En el arte actual y concretamente en el cine este personaje es un tema recurrente. La curiosa película de «Los idiotas» del director Lars Von Trier, narra la historia de un grupo de mujeres y hombres jóvenes conviviendo en una casa, cuyo propósito es despertar el idiota interno. Simulan comportarse como aquel en un medio cultural burgués normalizado. Buscan el destierro y la superación del mundo normado en la búsqueda de la idiotez aparentada. No deja de ser un juego aunque, a veces, terminen por dejarse llevar por él en la dinámica del mismo grupo. Karen, mujer silenciosa y discreta, que casualmente se une al grupo, a diferencia de los demás, nunca finge idiotez. Había huido de su familia por la muerte de su bebe. Y, sin embargo, es la única del grupo que, cuando regresa a su hogar, se convierte en idiota ante el recibimiento hostil de su familia. El sufrimiento callado por la muerte de su hijo ha consumido su capacidad para seguir representando los comportamientos habituales, verosímiles, esperados, y la acerca al mismo límite de la normalidad. Lo traspasa y se convierte a los ojos de su familia en una idiota.

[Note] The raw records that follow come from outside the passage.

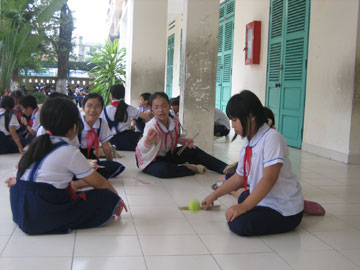 Các trường học trong tỉnh hỗ trợ chăm sóc 13 di tích cấp quốc gia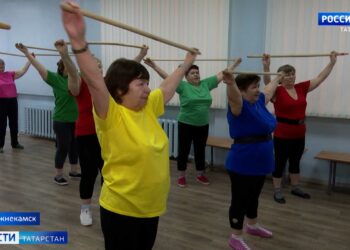 Василю Шайхразиеву показали конноспортивную школу в Муслюмове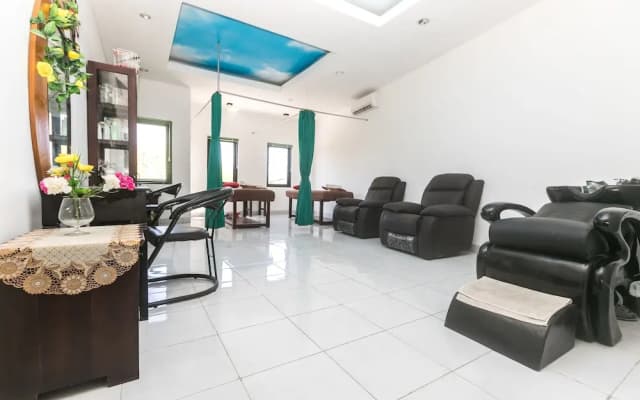 Rantun's Place Nusa Dua Hotel - photo 2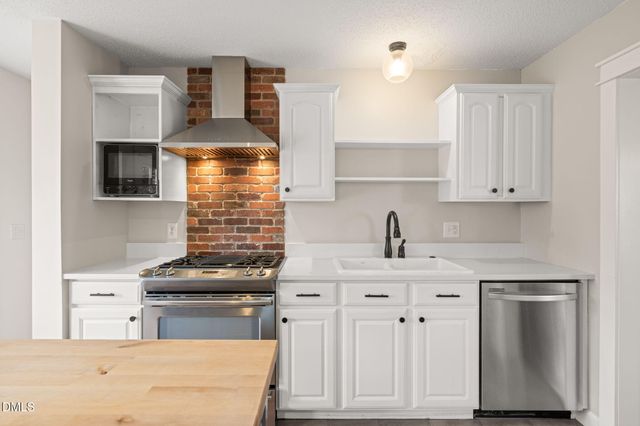 15 Abbey Road, Chapel Hill, NC 27516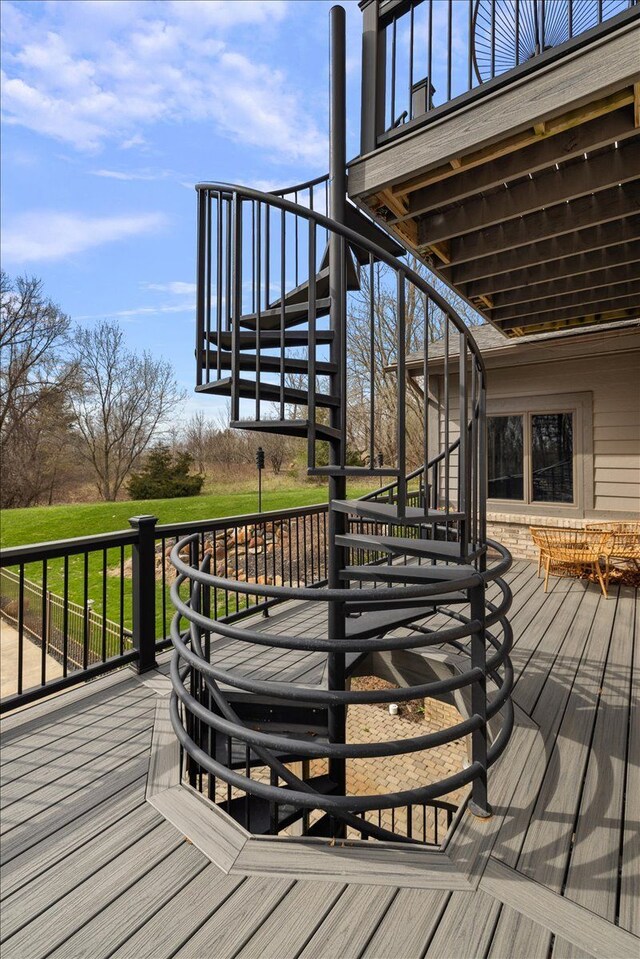 1194 Eagle Nest, Milford, MI 48381 - wooden deck with stairs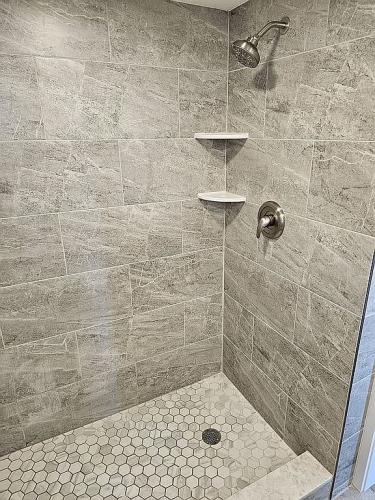 4725 Cove Circle, Unit 1002 St. Petersburg, FL 33708 - Photo 18 of 64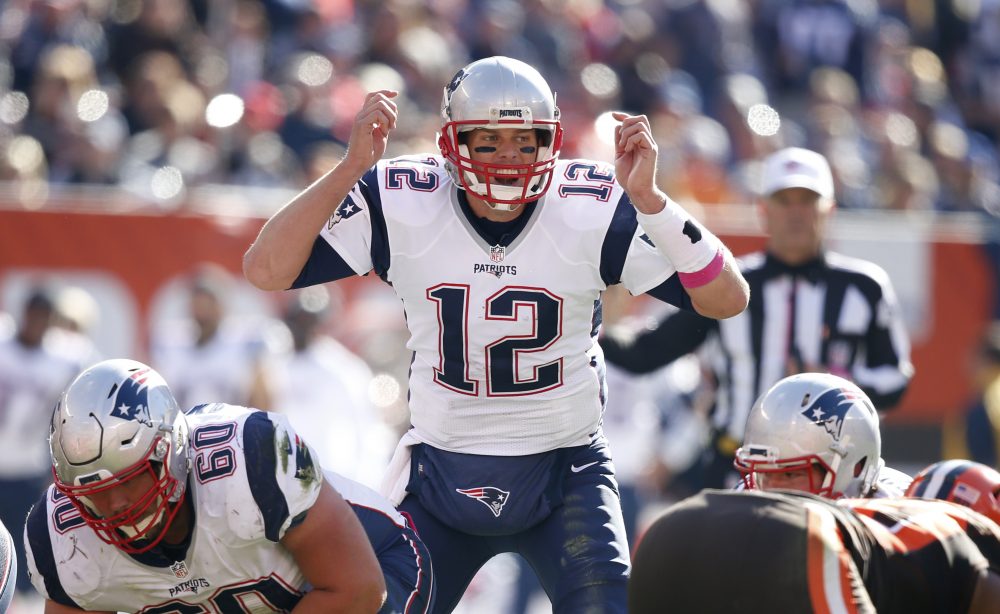 New England Patriots quarterback Tom Brady shouts at the line in the second half of Sunday's game against the Cleveland Browns. (Ron Schwane/AP)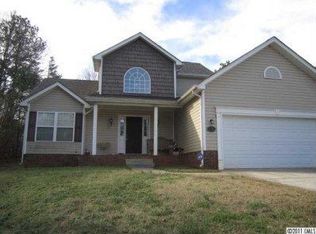 718 Berkshire Dr, Statesville, NC 28677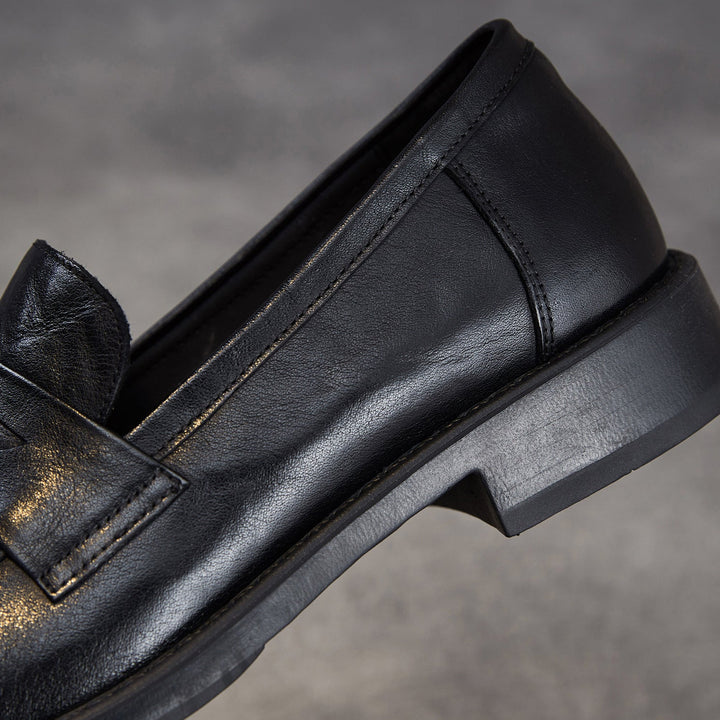 Women's Genuine Leather Penny Loafers Vintage Slip-on Round Toe Low Heel Shoes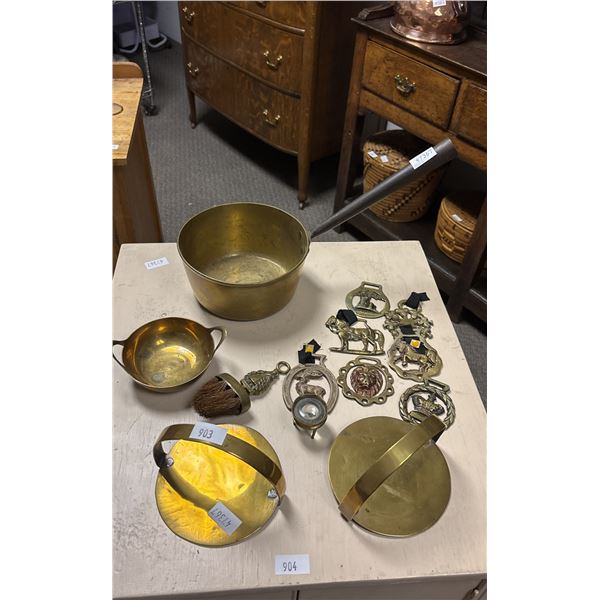 ASSORTED ANTIQUE BRASS ITEMS INCLUDING; POT, BRUSH, ORNAMENTS & MORE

En el universo literario es recurrente la figura del idiota. Un caso emblemático es la novela «El idiota» de F. Dostoievski, adaptada al cine y al contexto japonés por Akira Kurosawa. Retrata un hombre cándido, inocente, no contaminado por la sociedad, y en este sentido se muestra cercano al Émile de Rousseau. Vinculados a la espiritualidad encontramos otros tipos de idiota. Son los que se alejan premeditadamente del mundo y sus pautas, es decir, los que renuncian a la vida social en un intento de vaciarse totalmente. Tales son los anacoretas del desierto del Occidente cristiano y los sanyasis o renunciantes de la India. Todos estos difieren del idiota-inocente en su deseo por la búsqueda de lo real; razón por la que en su viaje espiritual ansían desprenderse de sí mismos para convertirse uno con la última realidad.

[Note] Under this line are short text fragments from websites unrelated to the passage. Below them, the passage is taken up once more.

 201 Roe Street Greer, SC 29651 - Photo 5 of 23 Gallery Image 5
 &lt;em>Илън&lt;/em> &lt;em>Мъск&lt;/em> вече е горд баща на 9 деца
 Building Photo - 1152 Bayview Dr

El idiota, aunque no es fácilmente detectable, está presente en nuestra sociedad. Escasea y pasa inadvertido. No se asemeja al individuo considerado convencionalmente inteligente. Posee una comprensión que va más allá del saber convencional. Su percepción no normativizada, ni categorizada se asienta más bien en el conocimiento que le otorga la situación que está viviendo en el momento. Desprendido de la ambición personal, del logro, se encuentra más allá de la lucha incesante del yo. No se esfuerza en ser distinguidamente alguien. Su cognición se ha despojado de la ficticia libertad del individuo: el alienante culto a la personalidad diseñada por una sociedad que la inviste falazmente de pluralidad. No reacciona al mensaje «¡pase por nuestros comercios para convertirse en sí mismo con los productos que representan las últimas tendencias!» de los mercaderes.

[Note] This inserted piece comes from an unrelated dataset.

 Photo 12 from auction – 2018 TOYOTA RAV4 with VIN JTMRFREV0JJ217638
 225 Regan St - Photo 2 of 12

Por esta razón se muestra espontáneo, natural, permeable y receptivo ante el otro. No posee ningún tipo de poder, ni notoriedad, puede incluso parecer un desventurado, un ensombrecido, alguien poco interesante. El idiota no es calificable como bueno, pero puede ser confundido con un bucéfalo o ser catalogado como la oveja negra porque, sin quererlo, disiente de lo normativizado. Su goce no está pautado, no es manejable ya que se han desvanecido los bordes de la recurrente categorización. Además, en los momentos más críticos desvela su lucidez. Sobresale en la dureza de las circunstancias por su disponibilidad y su forma de atender al otro, pues su sensibilidad y presencia suscita la comprensión ocultada tras el sufrimiento ajeno. Es lo que ha sabido entender F. Veber en el protagonista del film «La cena de los idiotas».

Sin embargo aunque el idiota nos parezca algo extraño o ajeno, puede suceder que el infortunio o la decepción del viaje de la nave de los locos a ninguna parte te lleve a que languidezca en ti la distorsionada imagen. Esa imagen fija que aviva el brutal asedio del viejo límite urdido, de la frontera dictada, la que te ha sido abastecida, superpuesta y prevista para que tú te amoldes y la consumas. Entonces, estimado lector, cuando la ficción del orden dominante abandone su despótico lugar en tu interior, te encontrarás en medio de la perplejidad, sin juego, ni simulación alguna con el sabio idiota.